Esta constitución del Imperio ruso se ha comparado a menudo con la de Estados Unidos, y en efecto, existen puntos en común entre la carrera estadounidense hacia el Atlántico y la rusa hacia el Pacífico. Pero los estadounidenses ya no tienen ambiciones territoriales, mientras que Putin, al igual que los zares, las sigue teniendo. Con una política económica desastrosa y sin influencia ideológica, ¿qué otra ambición, que no sea geográfica, podría albergar Putin? En Occidente tratamos de tranquilizarnos y entendemos que Putin solo quiere recuperar los territorios donde se habla ruso. Pero no existe un territorio rusófono en sí, ya que si se habla ruso en Sebastopol o en Riga es porque Rusia colonizó esas ciudades: Crimea fue turco-musulmana y los bálticos no eran rusos antes de ser colonizados. La invasión de Ucrania no obedece a ninguna lógica cultural, salvo de fachada, porque el hecho de que existan minorías de lengua rusa en Ucrania es una excusa comparable con la que usó Adolf Hitler para conquistar los Sudetes y Austria. ¿Debería Francia apoderarse de Bélgica y de Suiza, y España de Iberoamérica, porque allí se habla francés y español?

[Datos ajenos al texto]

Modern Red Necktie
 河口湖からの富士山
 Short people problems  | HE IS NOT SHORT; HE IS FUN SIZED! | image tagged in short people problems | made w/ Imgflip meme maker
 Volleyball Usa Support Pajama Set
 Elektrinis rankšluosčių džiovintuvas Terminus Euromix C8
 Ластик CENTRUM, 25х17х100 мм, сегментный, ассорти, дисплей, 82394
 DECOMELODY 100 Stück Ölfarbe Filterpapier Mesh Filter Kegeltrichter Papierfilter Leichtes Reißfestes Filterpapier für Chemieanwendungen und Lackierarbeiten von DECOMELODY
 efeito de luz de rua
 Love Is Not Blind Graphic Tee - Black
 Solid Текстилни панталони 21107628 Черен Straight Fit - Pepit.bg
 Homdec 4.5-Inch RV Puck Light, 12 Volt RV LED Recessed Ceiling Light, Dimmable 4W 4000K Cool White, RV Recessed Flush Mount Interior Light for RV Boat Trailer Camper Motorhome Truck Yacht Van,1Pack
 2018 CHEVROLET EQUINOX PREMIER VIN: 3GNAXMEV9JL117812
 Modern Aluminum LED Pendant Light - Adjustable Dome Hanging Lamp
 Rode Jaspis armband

A pesar de todo, la opinión pública en Europa y en Estados Unidos se muestra sensible a esta excusa putiniana de las fronteras lingüísticas y culturales. ¿Por apatía, por ignorancia histórica o por interés material? Por las tres razones, sin duda, lo que explica la debilidad de la contraofensiva de los estadounidenses y de los europeos, que no está en absoluto a la altura de la amenaza. En nombre del Derecho Internacional se imponen sanciones económicas a Putin que nunca en la historia han hecho temblar a un déspota. Putin hace caso omiso del Derecho Internacional y está totalmente dispuesto a sacrificar la economía rusa. Los rusos, salvo la mafia del petróleo, viven en la miseria, su esperanza de vida disminuye y el alcoholismo los destruye, pero para Putin eso solo es un detalle. Las «sanciones» no cambiarán nada significativo.

Putin solo se detendrá ahí donde lo detengan, y eso prefieren no entenderlo ni en Europa ni en Estados Unidos. Entenderlo exigiría renunciar al pacifismo que en Occidente se ha convertido en el pensamiento único, especialmente fomentado por Barack Obama. ¿Creen realmente en la eficacia de las sanciones los occidentales, quienes, de hecho, ya han dejado Crimea a Putin? ¿Creen realmente que, equipando discretamente al Ejército ucraniano, Putin retrocederá? Putin sabe hasta qué punto estamos estancados en el pacifismo. Y la disuasión europea es menos creíble aún porque, por otra parte, los europeos se muestran dispuestos «a vender la soga para colgarlos» (en palabras de Lenin); los ingleses acogen a financieros rusos, los franceses venden armas a Putin y los holandeses no han reaccionado ante la muerte de sus compatriotas abatidos en el avión de Malaysian Airlines. Probablemente habrá que esperar a que el sucesor de Obama, ya sea republicano o demócrata, reconozca que el pacifismo no asusta a los bárbaros y que solo una intervención de la OTAN, como en Kosovo en 1999, podría cortar el paso a la barbarie.